== DIRECTIONS FOR THIS TASK ==
In the material below, how many lines include the word "textured"? Write only the number.

== DATA FOR REVIEW ==

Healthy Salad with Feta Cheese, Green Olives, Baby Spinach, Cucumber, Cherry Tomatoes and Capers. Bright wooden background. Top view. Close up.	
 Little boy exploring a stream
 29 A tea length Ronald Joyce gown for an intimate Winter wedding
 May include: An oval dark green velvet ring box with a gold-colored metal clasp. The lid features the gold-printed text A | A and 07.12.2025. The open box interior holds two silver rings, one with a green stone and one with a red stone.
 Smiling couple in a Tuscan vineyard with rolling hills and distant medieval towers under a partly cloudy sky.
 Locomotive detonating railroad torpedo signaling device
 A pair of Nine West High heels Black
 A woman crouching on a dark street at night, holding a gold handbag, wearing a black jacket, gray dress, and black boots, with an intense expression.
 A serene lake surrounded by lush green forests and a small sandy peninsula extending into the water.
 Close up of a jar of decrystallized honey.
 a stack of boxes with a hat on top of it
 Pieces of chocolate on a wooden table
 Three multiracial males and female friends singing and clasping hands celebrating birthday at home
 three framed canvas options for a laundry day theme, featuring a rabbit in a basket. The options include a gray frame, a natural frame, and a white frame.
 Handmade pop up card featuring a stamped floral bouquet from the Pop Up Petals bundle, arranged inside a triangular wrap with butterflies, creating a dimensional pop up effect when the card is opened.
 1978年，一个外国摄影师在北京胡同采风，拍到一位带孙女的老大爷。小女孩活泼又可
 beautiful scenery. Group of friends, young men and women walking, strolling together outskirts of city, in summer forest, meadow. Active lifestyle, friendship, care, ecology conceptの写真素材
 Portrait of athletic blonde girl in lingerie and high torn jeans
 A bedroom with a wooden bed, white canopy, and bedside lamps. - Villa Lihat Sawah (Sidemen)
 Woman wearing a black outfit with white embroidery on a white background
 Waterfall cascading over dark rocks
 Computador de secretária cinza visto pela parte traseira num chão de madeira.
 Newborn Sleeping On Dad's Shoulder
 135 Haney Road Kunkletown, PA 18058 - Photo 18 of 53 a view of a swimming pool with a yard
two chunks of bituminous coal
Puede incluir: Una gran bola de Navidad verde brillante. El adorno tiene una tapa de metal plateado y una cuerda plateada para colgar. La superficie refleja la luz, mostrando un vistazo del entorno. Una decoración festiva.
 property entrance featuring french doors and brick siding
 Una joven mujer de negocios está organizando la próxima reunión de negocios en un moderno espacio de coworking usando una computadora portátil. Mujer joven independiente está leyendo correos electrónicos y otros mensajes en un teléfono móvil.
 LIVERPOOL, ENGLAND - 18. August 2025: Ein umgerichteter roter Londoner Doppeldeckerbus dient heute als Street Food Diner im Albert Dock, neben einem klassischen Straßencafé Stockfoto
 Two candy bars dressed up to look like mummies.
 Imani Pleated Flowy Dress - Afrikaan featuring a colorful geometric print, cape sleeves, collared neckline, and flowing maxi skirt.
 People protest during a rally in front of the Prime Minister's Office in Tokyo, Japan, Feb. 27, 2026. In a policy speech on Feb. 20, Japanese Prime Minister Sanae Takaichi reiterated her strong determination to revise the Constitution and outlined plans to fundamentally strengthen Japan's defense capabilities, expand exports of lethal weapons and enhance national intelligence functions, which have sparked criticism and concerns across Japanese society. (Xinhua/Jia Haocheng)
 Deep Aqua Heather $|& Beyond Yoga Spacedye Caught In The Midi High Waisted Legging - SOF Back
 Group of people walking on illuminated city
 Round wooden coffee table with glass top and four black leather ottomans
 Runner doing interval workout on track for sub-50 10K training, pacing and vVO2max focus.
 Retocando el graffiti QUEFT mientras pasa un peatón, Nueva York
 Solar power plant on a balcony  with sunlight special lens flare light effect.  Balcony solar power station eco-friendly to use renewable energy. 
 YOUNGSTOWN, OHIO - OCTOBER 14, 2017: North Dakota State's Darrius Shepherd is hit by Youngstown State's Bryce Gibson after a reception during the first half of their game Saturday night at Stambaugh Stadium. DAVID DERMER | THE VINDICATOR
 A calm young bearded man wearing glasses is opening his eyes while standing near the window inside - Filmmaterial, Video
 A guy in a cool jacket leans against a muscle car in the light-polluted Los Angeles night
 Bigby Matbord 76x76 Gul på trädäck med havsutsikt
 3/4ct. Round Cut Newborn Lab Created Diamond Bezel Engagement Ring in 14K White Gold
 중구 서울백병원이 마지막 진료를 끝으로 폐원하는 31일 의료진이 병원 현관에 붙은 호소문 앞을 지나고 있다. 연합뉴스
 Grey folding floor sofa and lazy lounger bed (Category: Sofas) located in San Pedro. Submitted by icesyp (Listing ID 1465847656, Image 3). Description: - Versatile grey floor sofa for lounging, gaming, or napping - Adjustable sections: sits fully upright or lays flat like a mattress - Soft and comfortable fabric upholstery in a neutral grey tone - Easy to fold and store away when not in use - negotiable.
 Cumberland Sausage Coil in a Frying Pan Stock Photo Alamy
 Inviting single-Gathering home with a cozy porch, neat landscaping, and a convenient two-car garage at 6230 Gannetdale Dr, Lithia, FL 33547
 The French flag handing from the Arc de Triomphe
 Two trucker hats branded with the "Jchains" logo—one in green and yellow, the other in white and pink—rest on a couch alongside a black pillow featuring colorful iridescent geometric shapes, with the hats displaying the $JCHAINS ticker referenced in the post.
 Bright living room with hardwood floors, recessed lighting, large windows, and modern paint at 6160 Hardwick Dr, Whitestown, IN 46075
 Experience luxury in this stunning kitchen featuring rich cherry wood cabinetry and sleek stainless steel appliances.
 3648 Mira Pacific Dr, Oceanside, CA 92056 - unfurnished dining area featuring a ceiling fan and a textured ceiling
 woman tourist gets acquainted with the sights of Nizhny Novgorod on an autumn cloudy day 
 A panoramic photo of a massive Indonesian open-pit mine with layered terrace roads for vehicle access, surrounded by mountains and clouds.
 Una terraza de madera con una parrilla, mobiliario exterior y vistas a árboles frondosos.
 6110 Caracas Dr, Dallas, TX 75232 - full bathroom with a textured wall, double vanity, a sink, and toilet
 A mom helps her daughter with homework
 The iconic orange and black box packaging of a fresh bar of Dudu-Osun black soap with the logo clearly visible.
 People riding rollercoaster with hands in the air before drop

== EXERCISE RESPONSE ==
2